[Stored data]
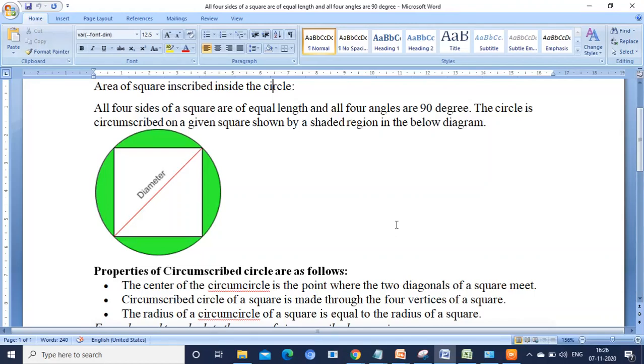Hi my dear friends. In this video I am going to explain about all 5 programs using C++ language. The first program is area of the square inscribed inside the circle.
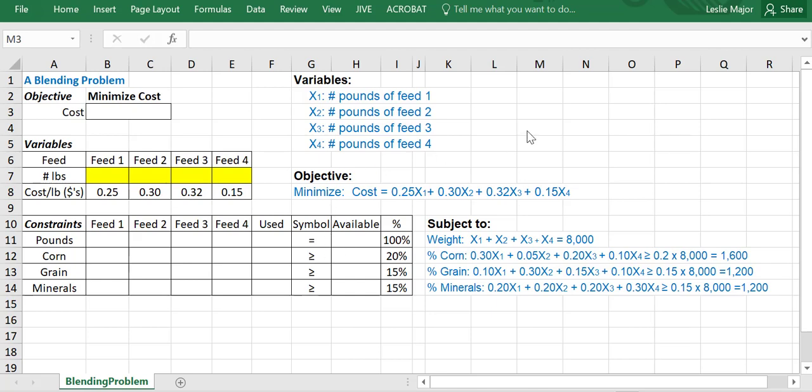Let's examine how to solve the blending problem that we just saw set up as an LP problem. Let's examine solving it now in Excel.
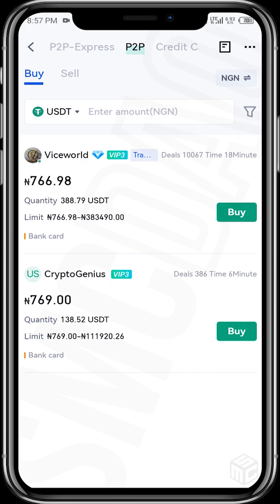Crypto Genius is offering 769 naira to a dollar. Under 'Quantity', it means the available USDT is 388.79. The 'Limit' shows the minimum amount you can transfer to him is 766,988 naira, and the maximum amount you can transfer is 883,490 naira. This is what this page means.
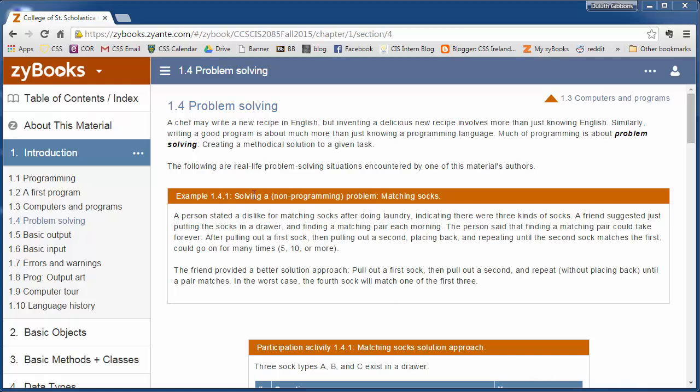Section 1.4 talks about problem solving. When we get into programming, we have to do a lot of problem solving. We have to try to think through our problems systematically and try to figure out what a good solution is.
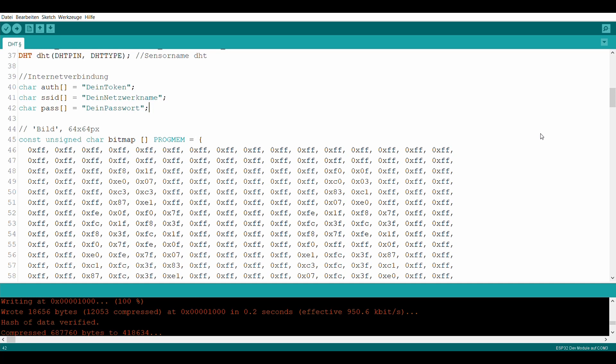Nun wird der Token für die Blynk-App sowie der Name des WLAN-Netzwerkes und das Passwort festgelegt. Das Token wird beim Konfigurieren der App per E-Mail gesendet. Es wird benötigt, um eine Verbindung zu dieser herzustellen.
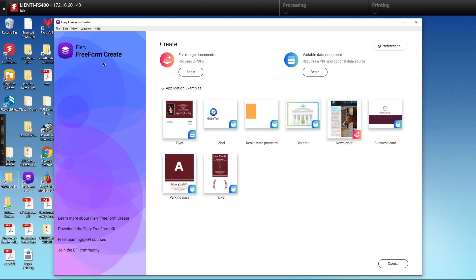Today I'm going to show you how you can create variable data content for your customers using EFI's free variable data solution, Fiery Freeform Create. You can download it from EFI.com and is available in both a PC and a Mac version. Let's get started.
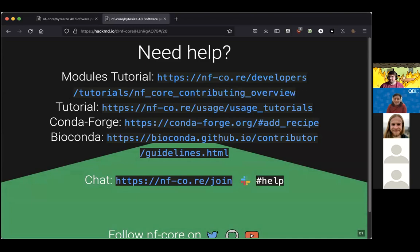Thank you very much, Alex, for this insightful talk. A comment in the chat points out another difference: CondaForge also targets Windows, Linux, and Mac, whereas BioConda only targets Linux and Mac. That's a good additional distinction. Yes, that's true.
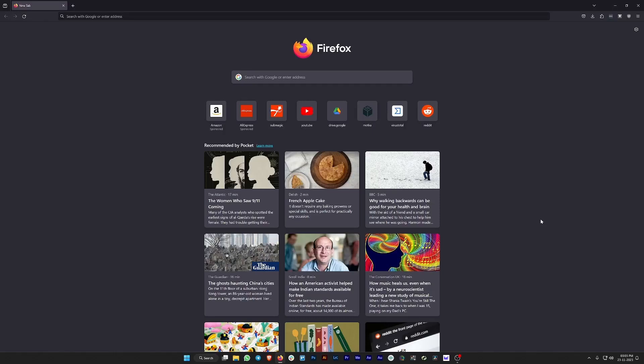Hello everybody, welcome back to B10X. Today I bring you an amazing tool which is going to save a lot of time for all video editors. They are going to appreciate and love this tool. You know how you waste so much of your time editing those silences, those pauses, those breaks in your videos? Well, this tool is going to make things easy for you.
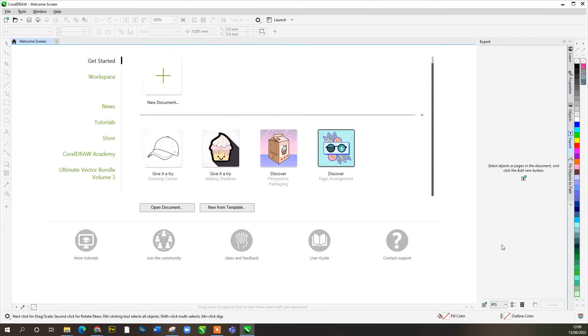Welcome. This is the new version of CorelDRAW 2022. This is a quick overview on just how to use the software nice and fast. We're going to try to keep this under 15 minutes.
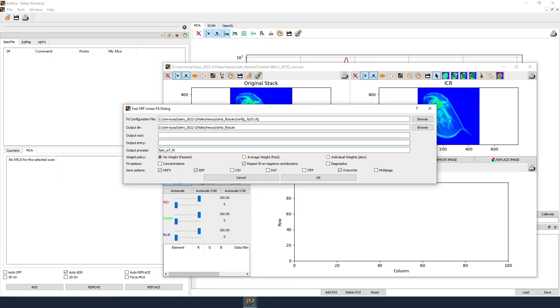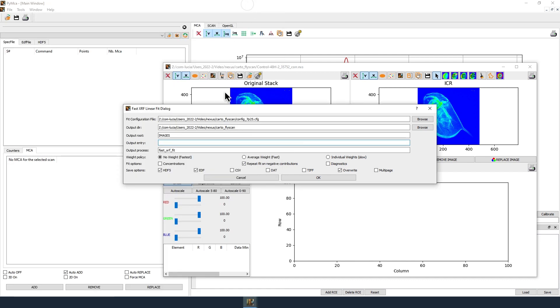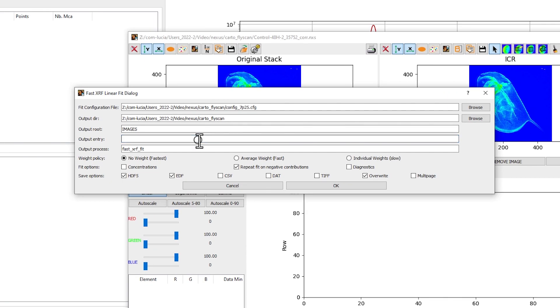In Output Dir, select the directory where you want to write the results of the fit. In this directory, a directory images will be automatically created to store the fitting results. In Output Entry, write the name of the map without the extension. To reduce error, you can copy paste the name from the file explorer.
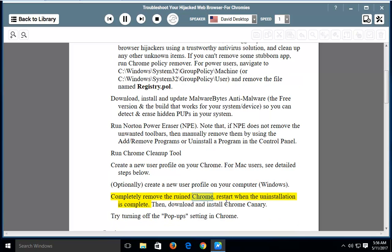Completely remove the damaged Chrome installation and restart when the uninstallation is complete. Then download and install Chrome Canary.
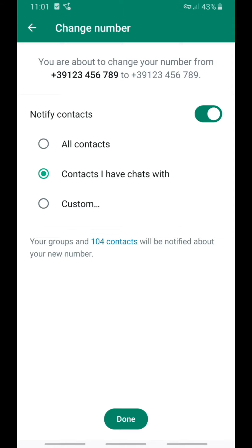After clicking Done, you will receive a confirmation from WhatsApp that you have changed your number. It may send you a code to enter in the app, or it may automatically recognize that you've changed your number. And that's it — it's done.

--

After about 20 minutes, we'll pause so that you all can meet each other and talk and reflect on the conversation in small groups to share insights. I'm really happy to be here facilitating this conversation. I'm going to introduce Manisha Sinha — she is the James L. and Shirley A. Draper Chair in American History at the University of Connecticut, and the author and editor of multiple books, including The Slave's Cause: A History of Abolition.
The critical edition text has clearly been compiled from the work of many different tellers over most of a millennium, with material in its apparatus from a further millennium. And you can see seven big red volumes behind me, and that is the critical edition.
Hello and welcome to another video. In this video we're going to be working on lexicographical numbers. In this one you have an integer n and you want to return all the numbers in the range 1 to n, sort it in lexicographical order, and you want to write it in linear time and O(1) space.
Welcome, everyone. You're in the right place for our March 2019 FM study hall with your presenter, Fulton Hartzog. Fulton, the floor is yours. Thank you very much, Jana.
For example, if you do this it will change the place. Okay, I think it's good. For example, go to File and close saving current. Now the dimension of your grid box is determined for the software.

--

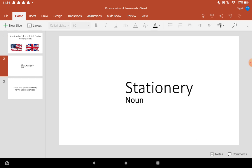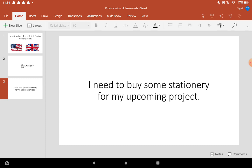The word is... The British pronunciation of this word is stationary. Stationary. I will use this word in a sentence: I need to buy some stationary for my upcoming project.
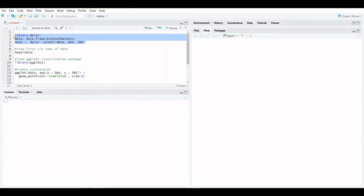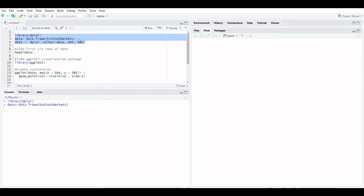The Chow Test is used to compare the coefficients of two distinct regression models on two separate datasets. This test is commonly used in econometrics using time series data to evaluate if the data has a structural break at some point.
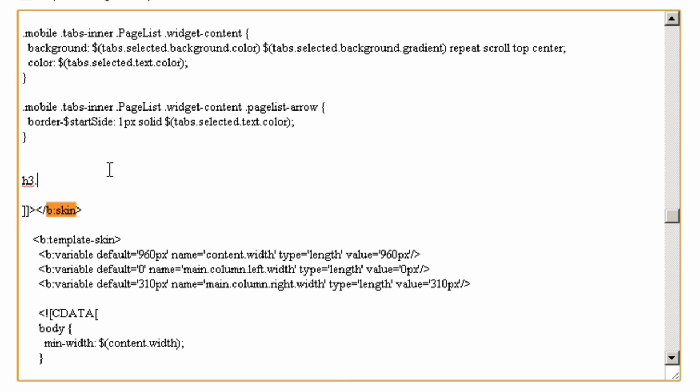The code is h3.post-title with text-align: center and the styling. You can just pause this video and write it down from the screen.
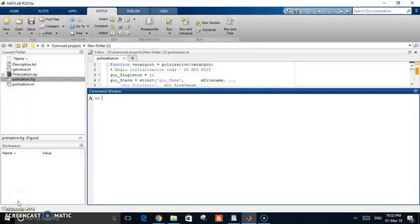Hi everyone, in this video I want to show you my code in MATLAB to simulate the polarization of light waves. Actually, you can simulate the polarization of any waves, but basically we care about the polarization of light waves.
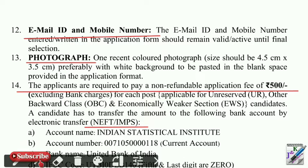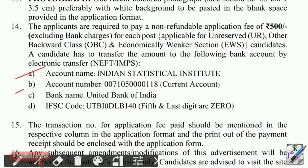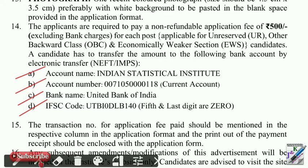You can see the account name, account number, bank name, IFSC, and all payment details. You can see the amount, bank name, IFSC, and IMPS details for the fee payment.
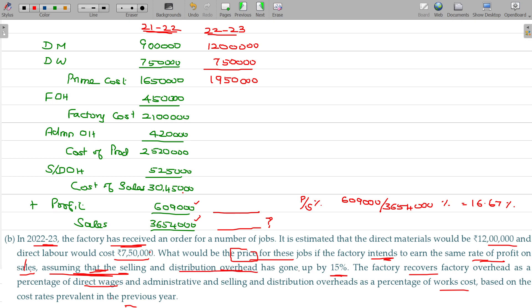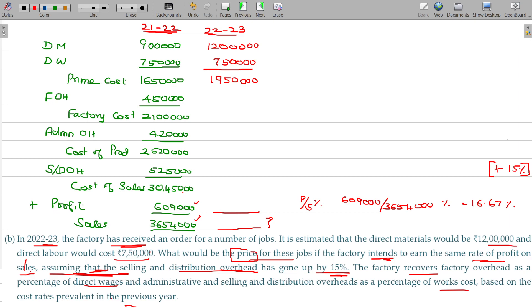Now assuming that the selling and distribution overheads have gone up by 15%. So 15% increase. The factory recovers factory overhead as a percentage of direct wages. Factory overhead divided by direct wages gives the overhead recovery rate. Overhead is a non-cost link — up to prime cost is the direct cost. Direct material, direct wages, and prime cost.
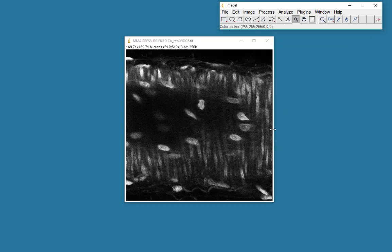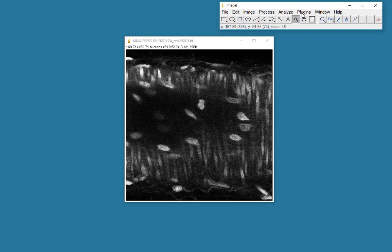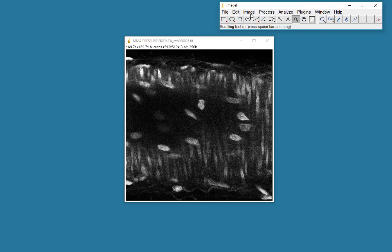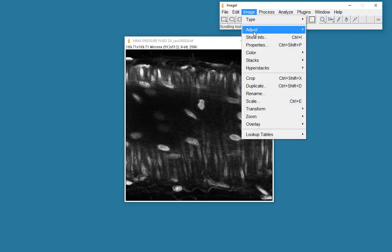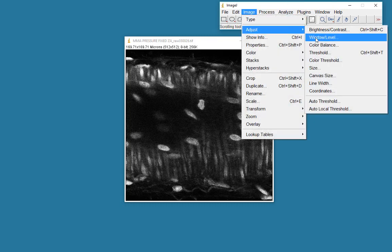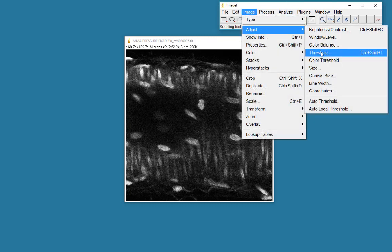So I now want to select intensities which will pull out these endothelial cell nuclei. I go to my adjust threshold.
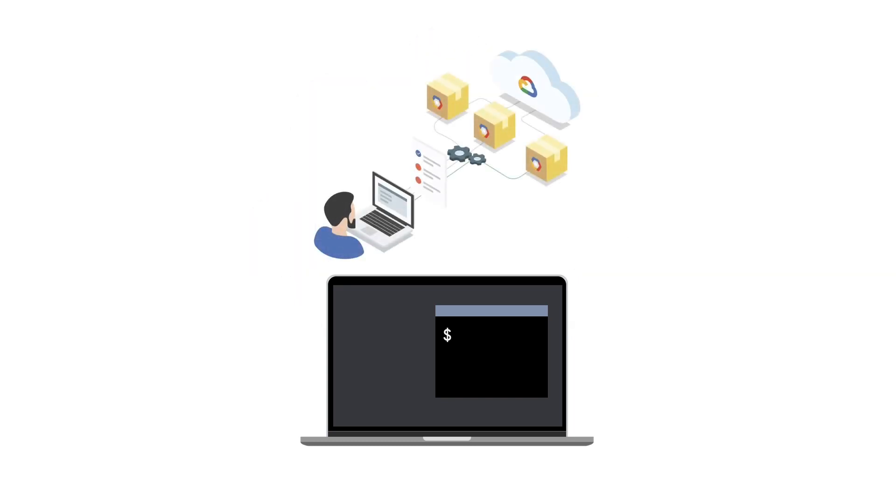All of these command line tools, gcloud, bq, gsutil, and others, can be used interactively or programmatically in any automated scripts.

▶ _ACTIVITY_
Set down, exactly as they appear above, all lines from the one that has "Welcome, everyone. You're" down to the one that has "For example, if", including those two and no others.

▶ _RESULT_
Welcome, everyone. You're in the right place for our March 2019 FM study hall with your presenter, Fulton Hartzog. Fulton, the floor is yours. Thank you very much, Jana.
For example, if you do this it will change the place. Okay, I think it's good. For example, go to File and close saving current. Now the dimension of your grid box is determined for the software.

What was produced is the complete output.